Ya se le representaba la esterilidad de su sangre divina para ¡tantos!, y ésta era una tortura más para su corazón adorable.
Por último, ¡estaba solo!, se sentía ¡solo!; sus apóstoles, ¡ni le entendían! ¡Les faltaba amor para poder entender los misterios del amor, y así, era para Él una nueva soledad, y su abandono, un tormento!
Por ahí podrán pensar cuál era la tristeza del corazón de Jesucristo; y entonces podrán rastrear algo, ¡aunque muy de lejos!, para entender cuál era su amor a los hombres y al Padre; y digo de lejos porque ¿quién puede penetrar los abismos insondables de ese corazón divino?

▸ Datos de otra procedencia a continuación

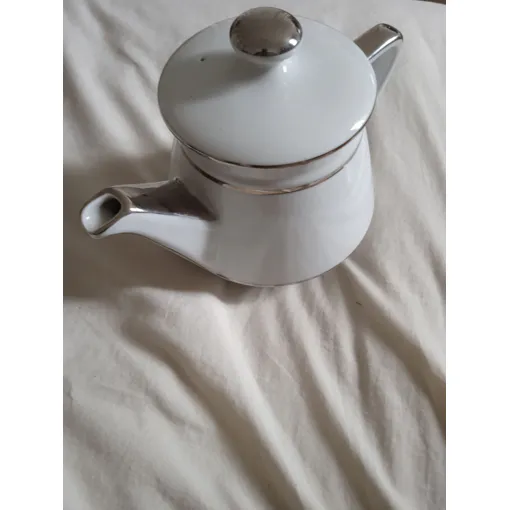Acheter Theiere B&c Vintage Porcelaine De Limoges 8/10 occasion - 14,90 € Theiere B&c Vintage Porcelaine De Limoges 8/10 occasion reconditionné disponible sur Rakuten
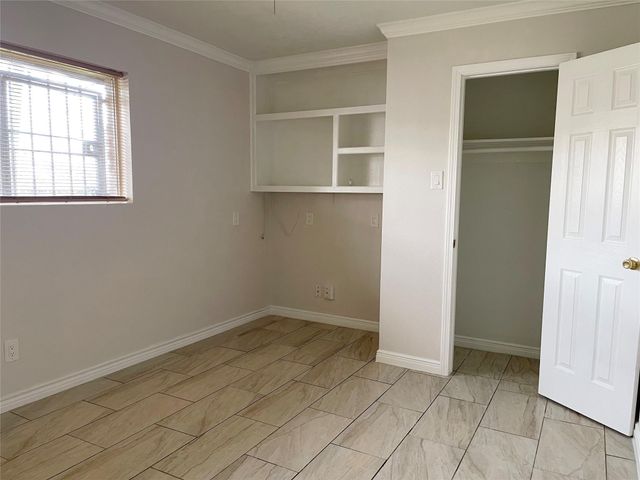 927 Greatwood Drive, Houston, TX 77013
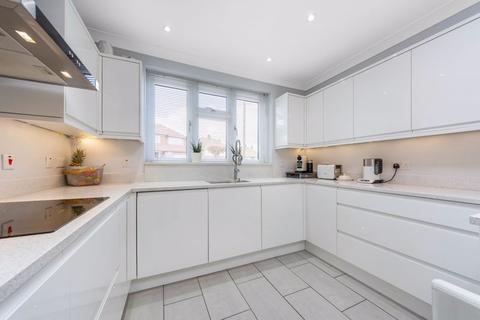 384 Hurst Road, Bexley, DA5 3JY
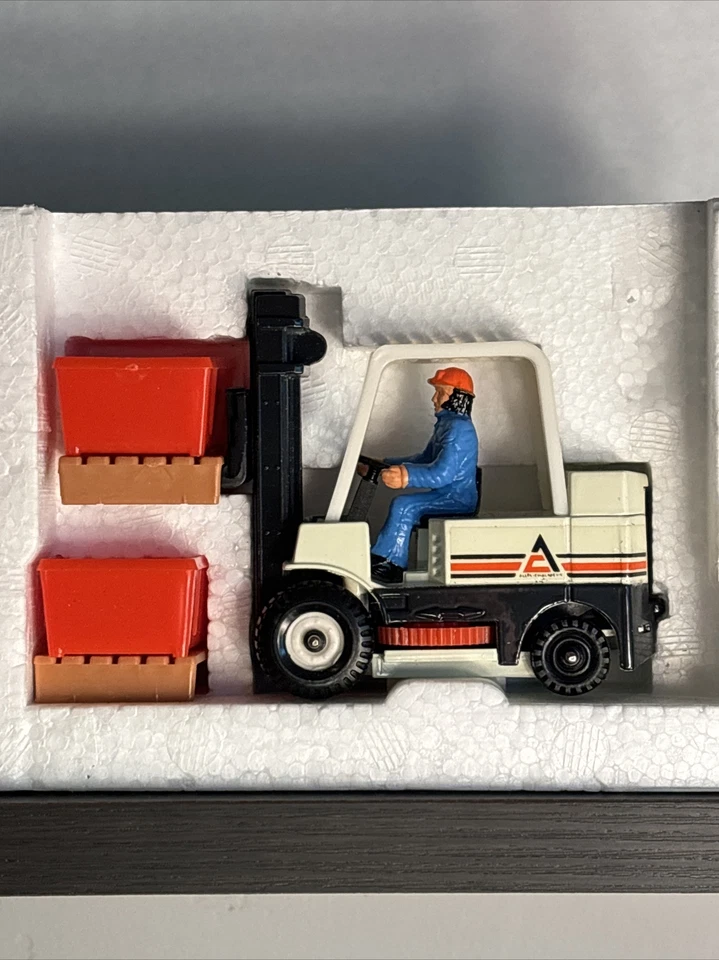 Allis Chalmers Lift Truck 1/32 diecast forklift replica collectible by Corgi - Image 3 of 4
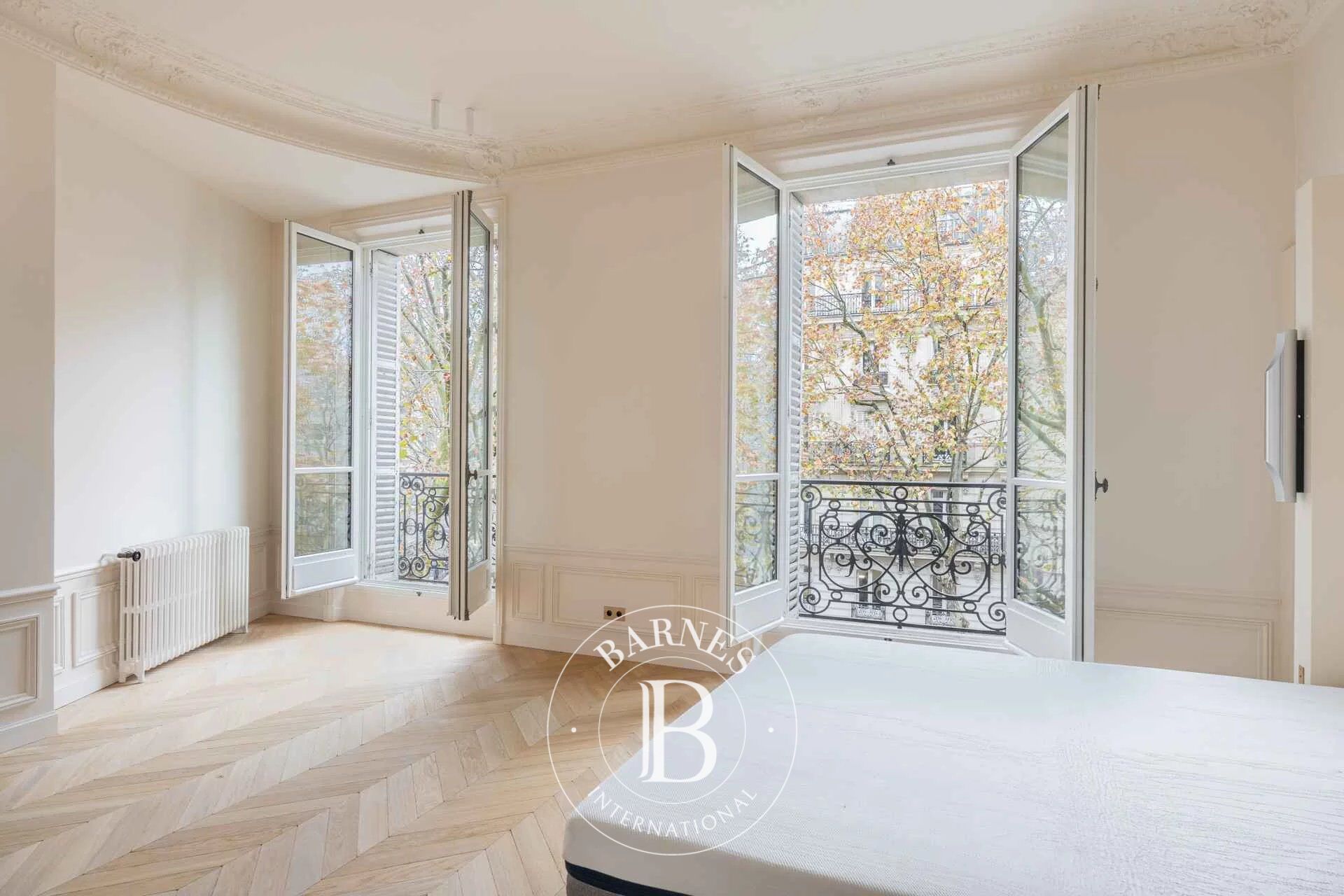 For Sale Apartment | Paris 7ème - picture 9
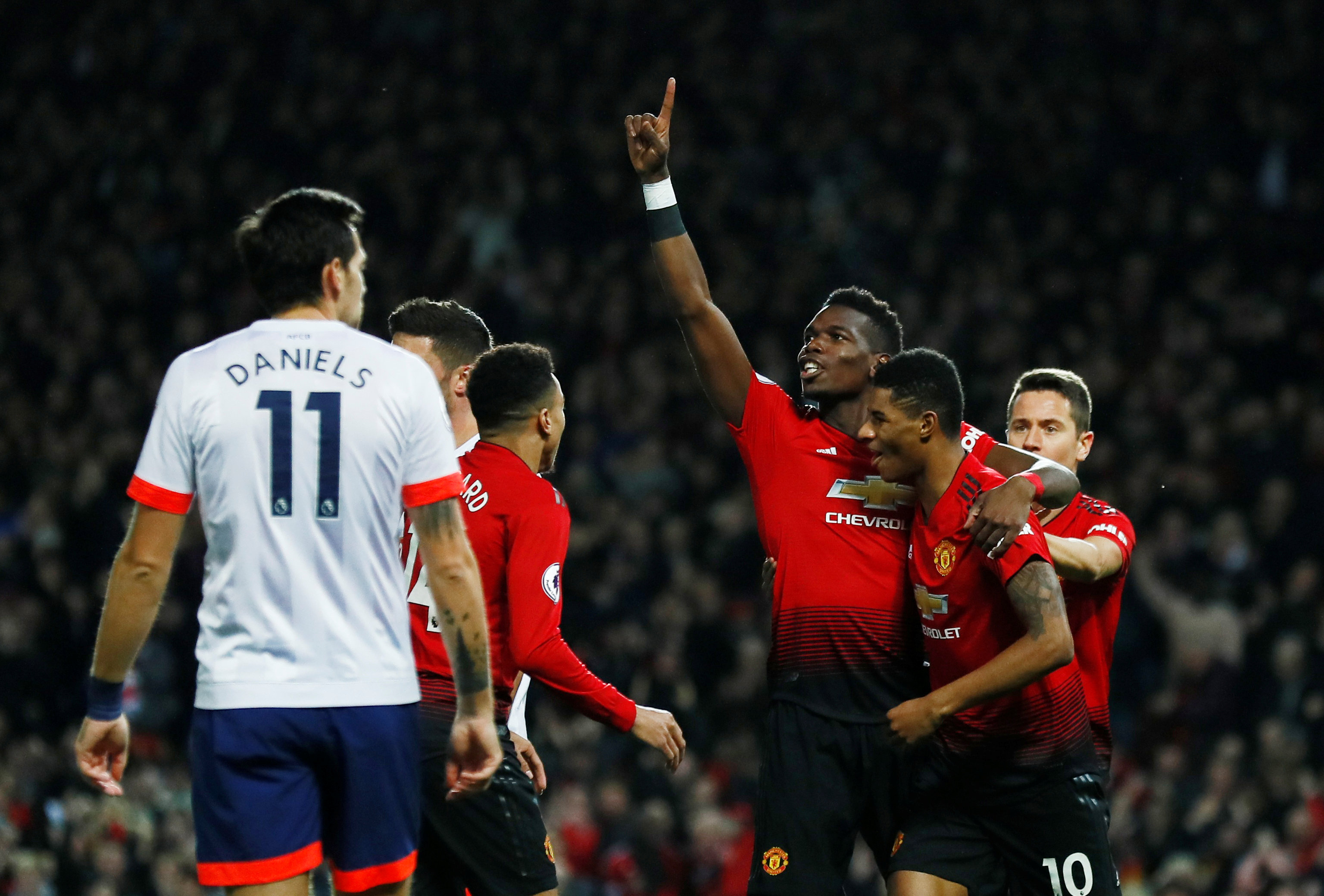 凭借雄厚的 凭借雄厚的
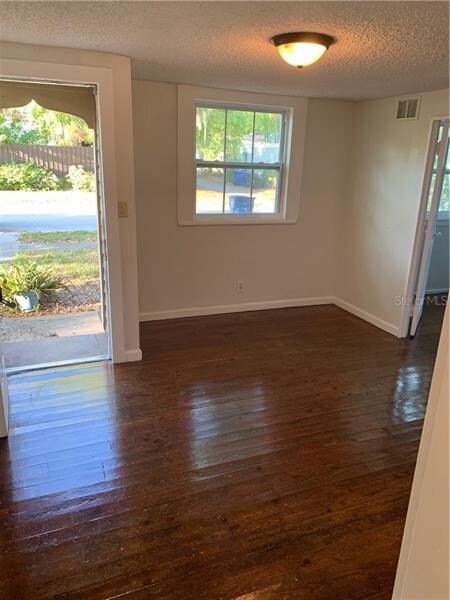 1064 11th Ave N unit Lower, Saint Petersburg, FL 33705 - photo 3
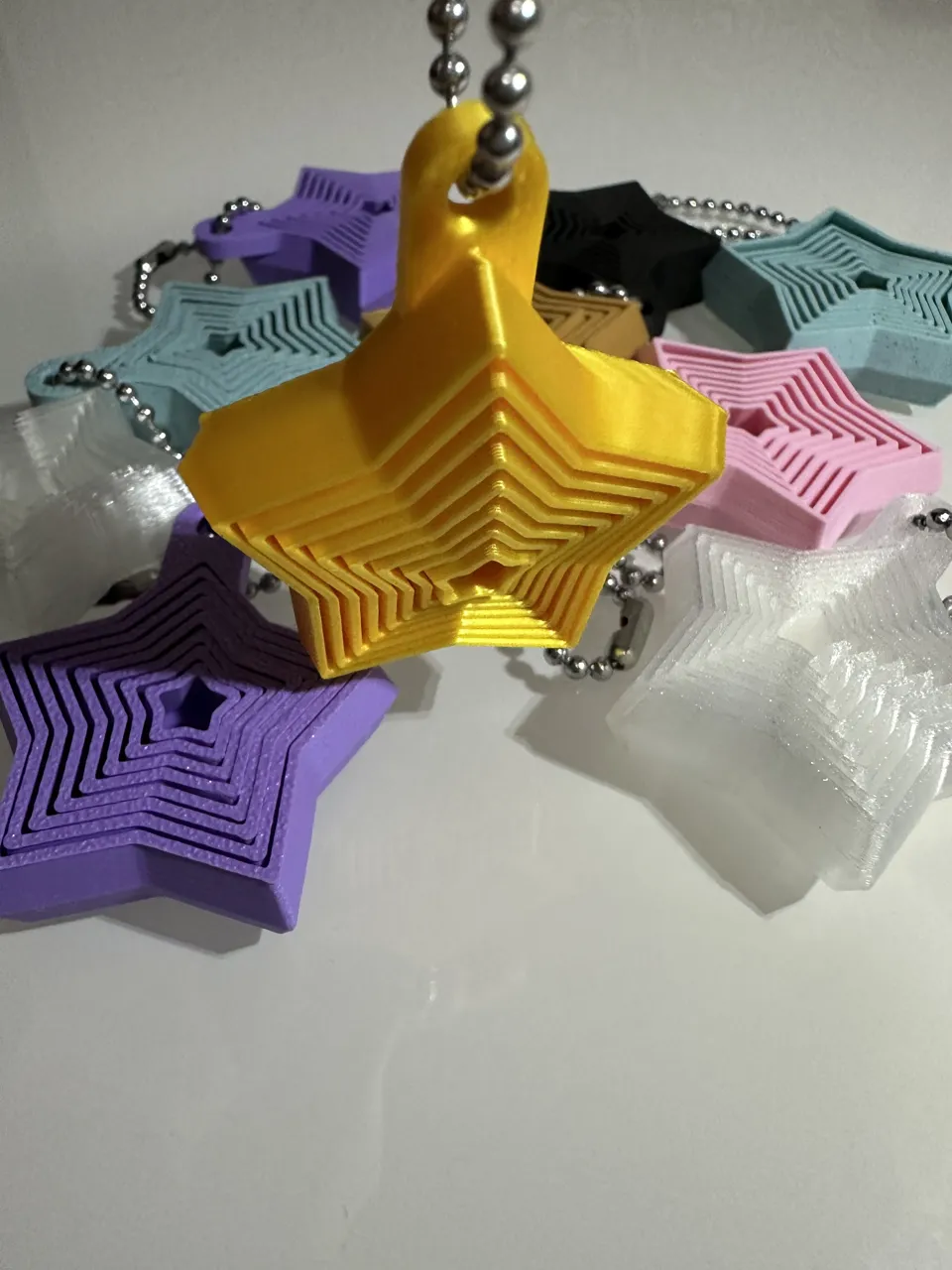 Star-Shaped Fidget Keychain view 2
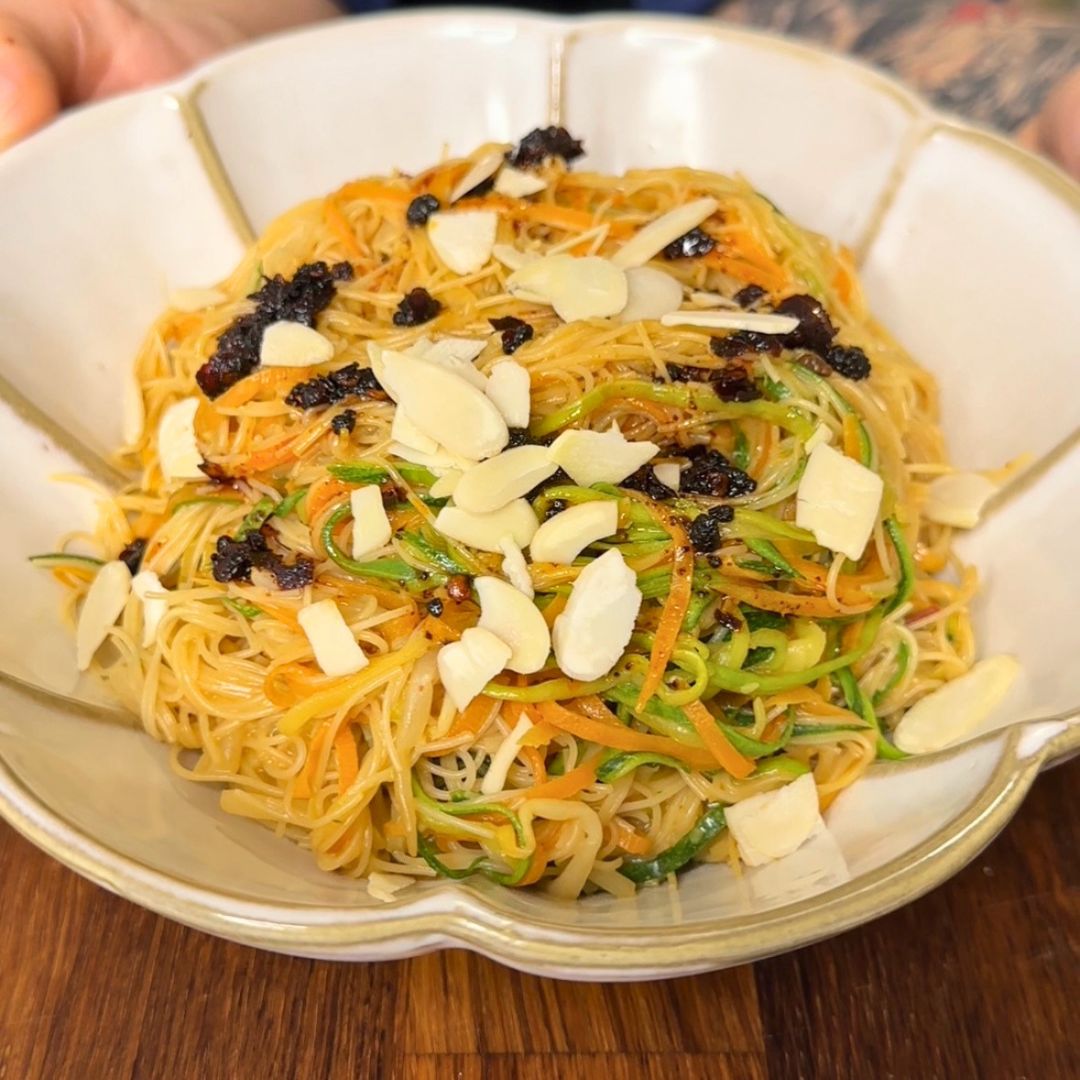 Noodles alle verdure con i vermicelli di riso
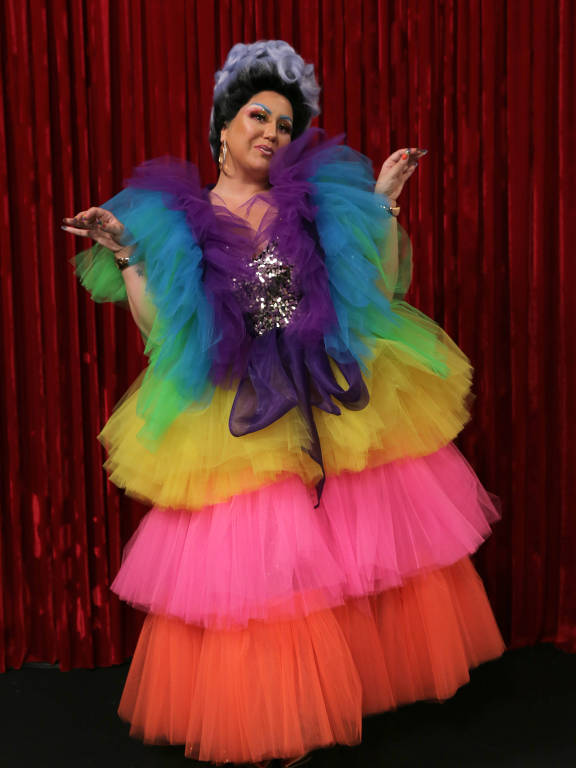 Vestido de Walério Araújo usado por Maria Rita no programa Drag Me as a Queen Celebridades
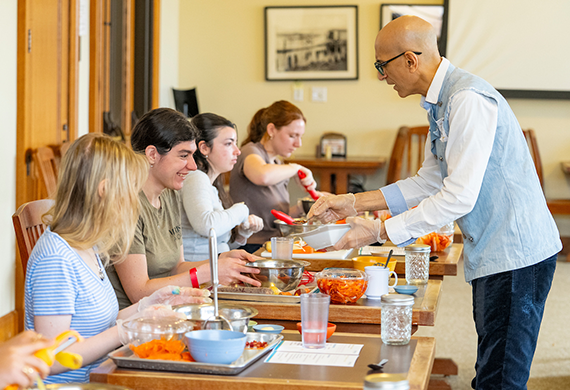 Image of Marist University students participating in Gourmet Dining's test kitchen.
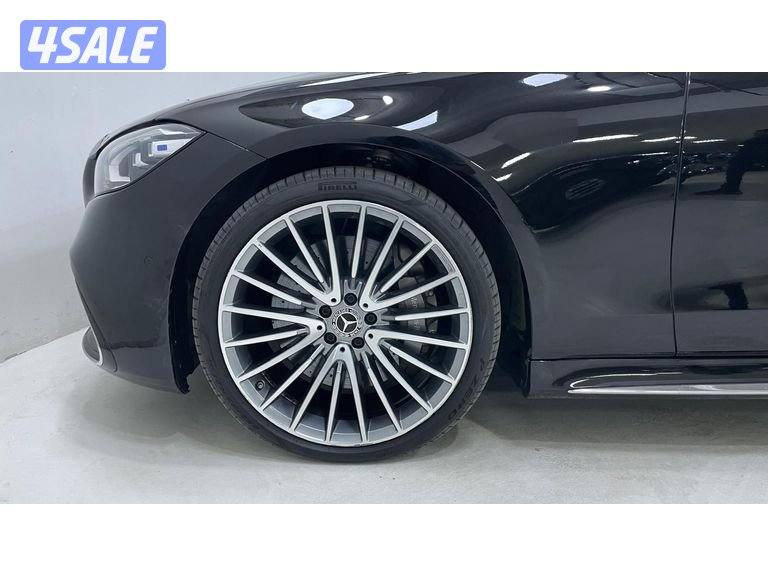 Mercedes-Benz S-Class8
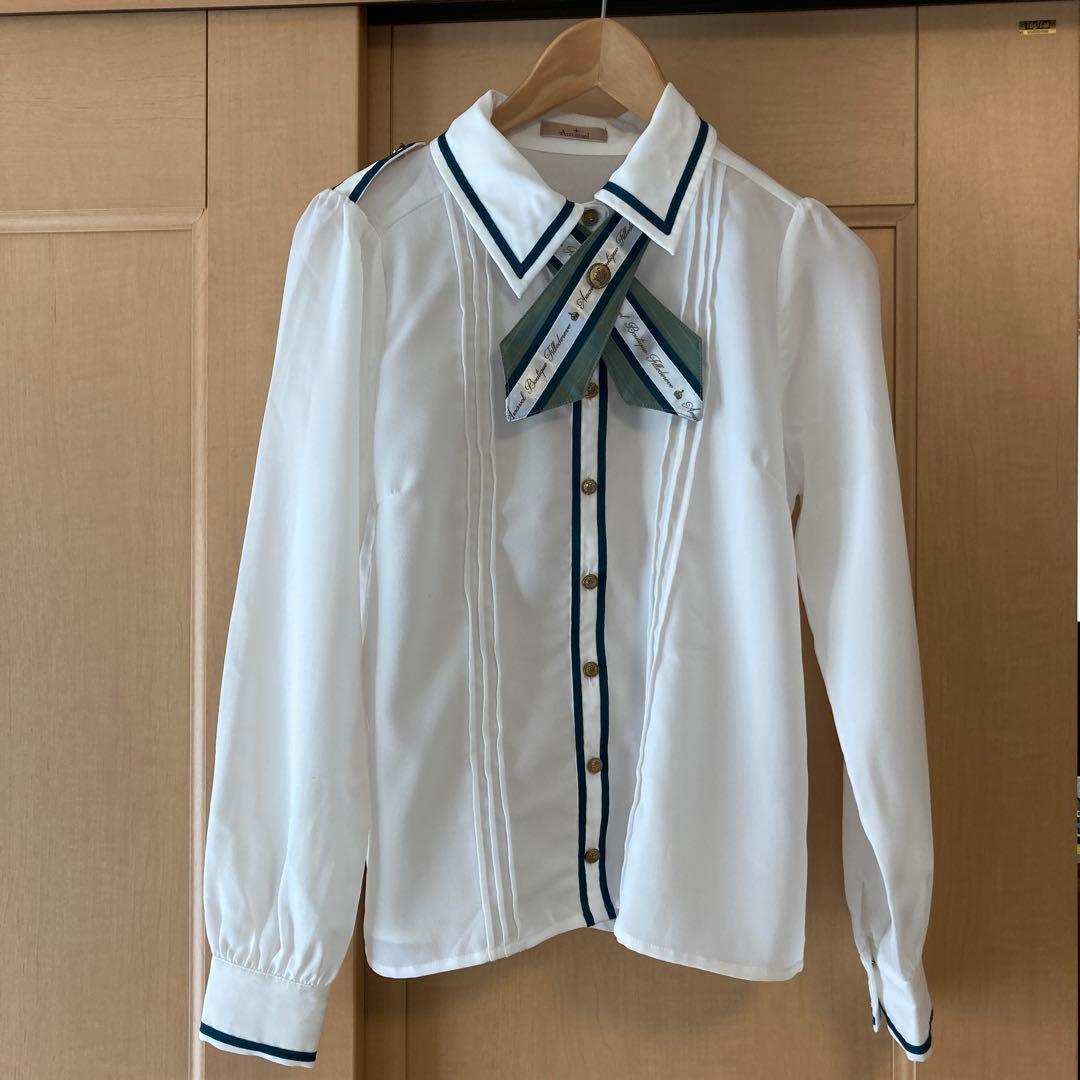 美品　アマベル Amavel 白ブラウス+緑スカート+レース付ボリュームスカート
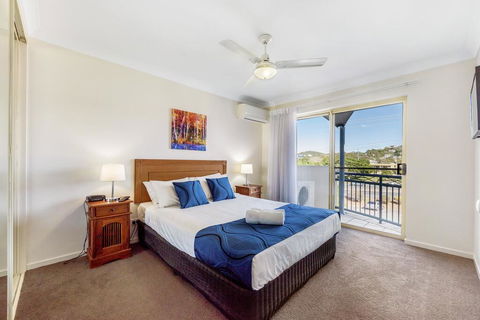 Golden Riviera Absolute Beachfront Resort - Accommodation Newcastle 3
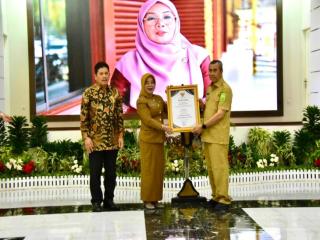Kabupaten Kampar Raih Penghargaan UHC dengan Persentase 97,70 Persen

Pero, aunque no podamos comprender del todo esa tristeza, aunque no nos sea posible sondear todo ese amor, podemos sentir el deseo de acompañarle, de participar de su tristeza; el deseo de conocer lo más que podamos ese misterio de amor, el deseo de sufrir con Él. Hablo con almas amantes. ¡Quién sabe si en aquella profundísima tristeza le consolaría ver las almas que en el correr de los siglos le acompañarían de Sión a Getsemaní! Miraba quizá entre ellas la nuestra, a quien concede acompañarle, no para dejarle luego en soledad y abandono, sino para penetrar con Él en el huerto y allí agonizar con Él.